▶ [What this task involves] In the entries below, locate the line with "Foto van Vakantiehuis", then give again that line and all lines after it, exactly, with pictures omitted.

▶ [Source records]
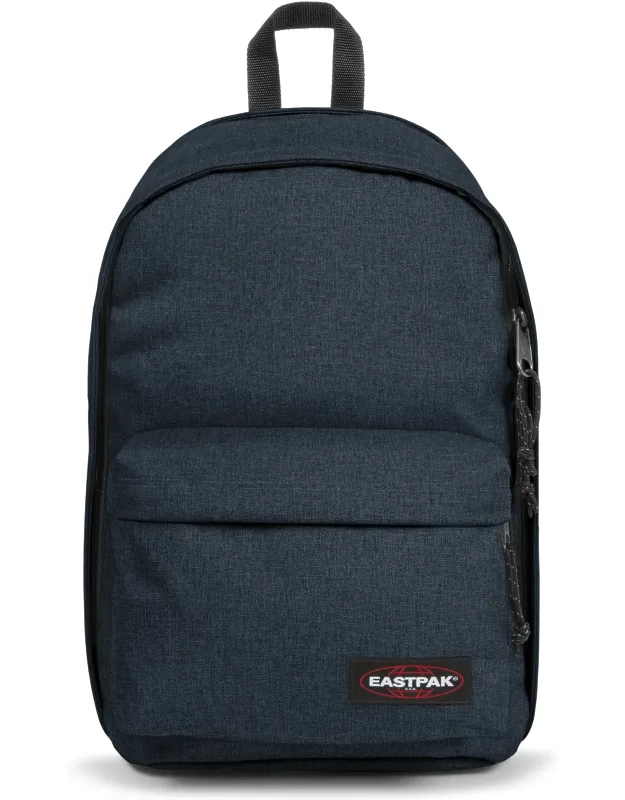 Back To Work Laptop Backpack 27l Ergonomic Work Rucksack For 15" Laptop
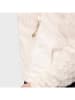Halti Fleecejacke "Thermel" in Creme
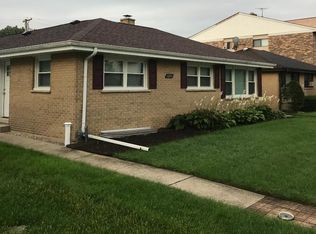 1271 Brown St #C, Des Plaines, IL 60016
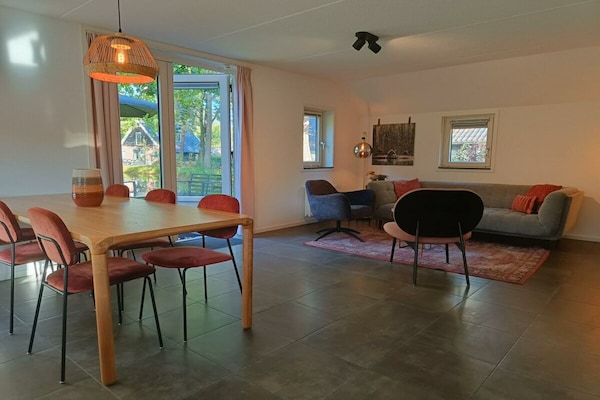 Foto van Vakantiehuis in  - Vakantiehuis in  - Untagged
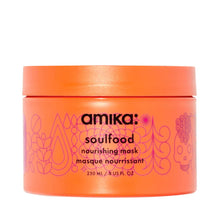 Amika Soulfood Nourishing Mask / 8OZ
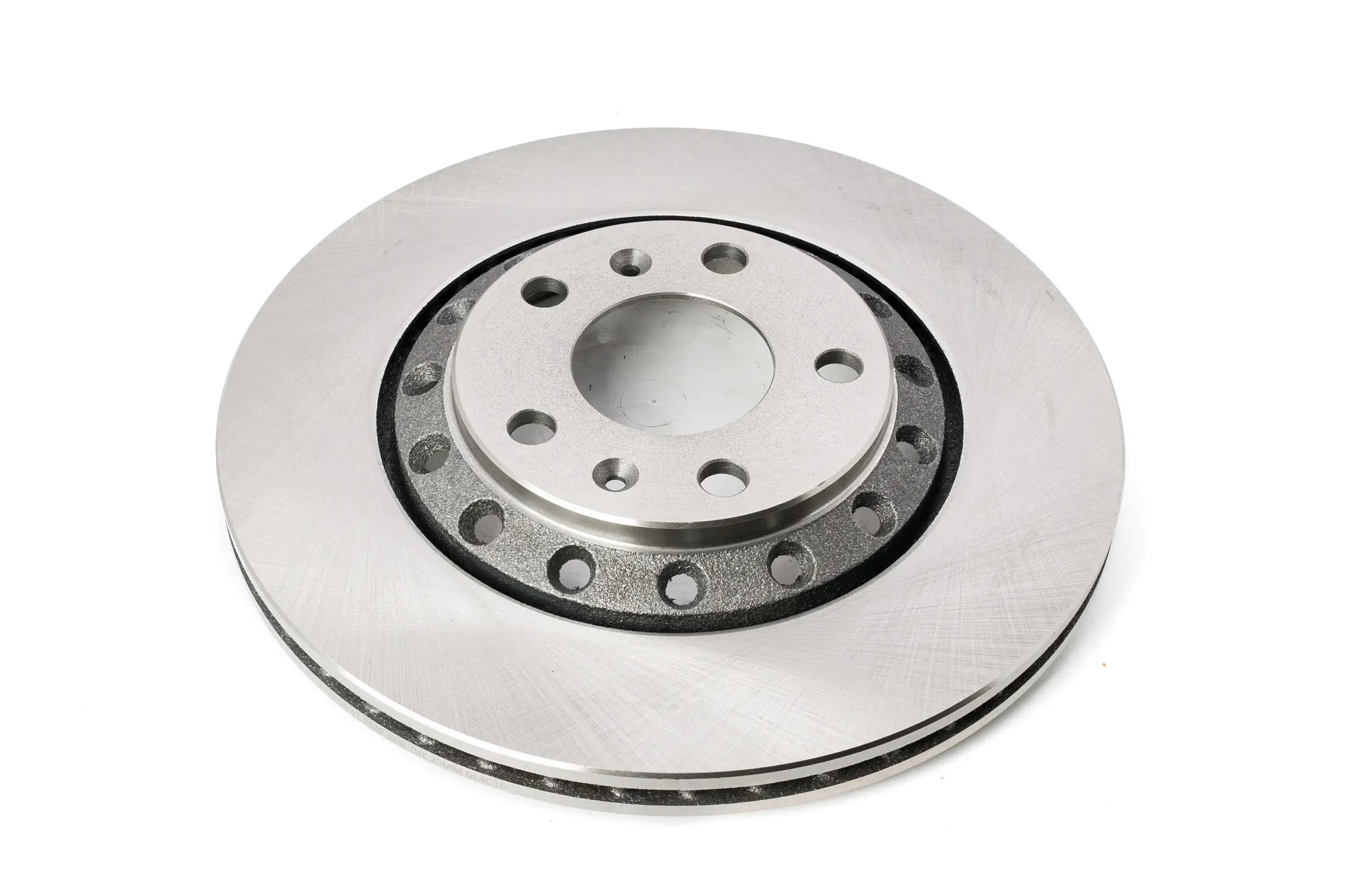 Bremsscheibe Hinterachse Dr!ve+ DP1010.11.1438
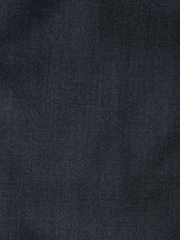 Ածխագույն մոխրագույն - Signature 100% Wool Tailored Fit Suit Trousers - Պատկեր 9 9-ից
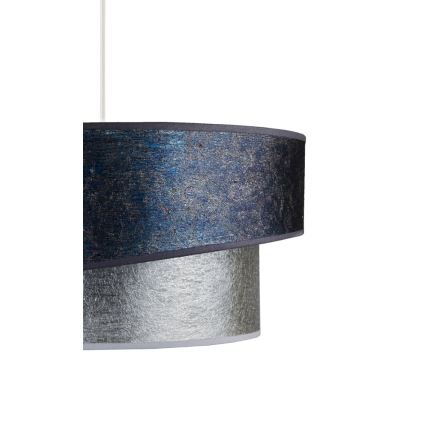 Duolla - Lustra ar auklu SHINE 1xE27/40W/230V d. 45 cm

▶ [Result of the exercise]
 Foto van Vakantiehuis in  - Vakantiehuis in  - Untagged
 Amika Soulfood Nourishing Mask / 8OZ
 Bremsscheibe Hinterachse Dr!ve+ DP1010.11.1438
 Ածխագույն մոխրագույն - Signature 100% Wool Tailored Fit Suit Trousers - Պատկեր 9 9-ից
 Duolla - Lustra ar auklu SHINE 1xE27/40W/230V d. 45 cm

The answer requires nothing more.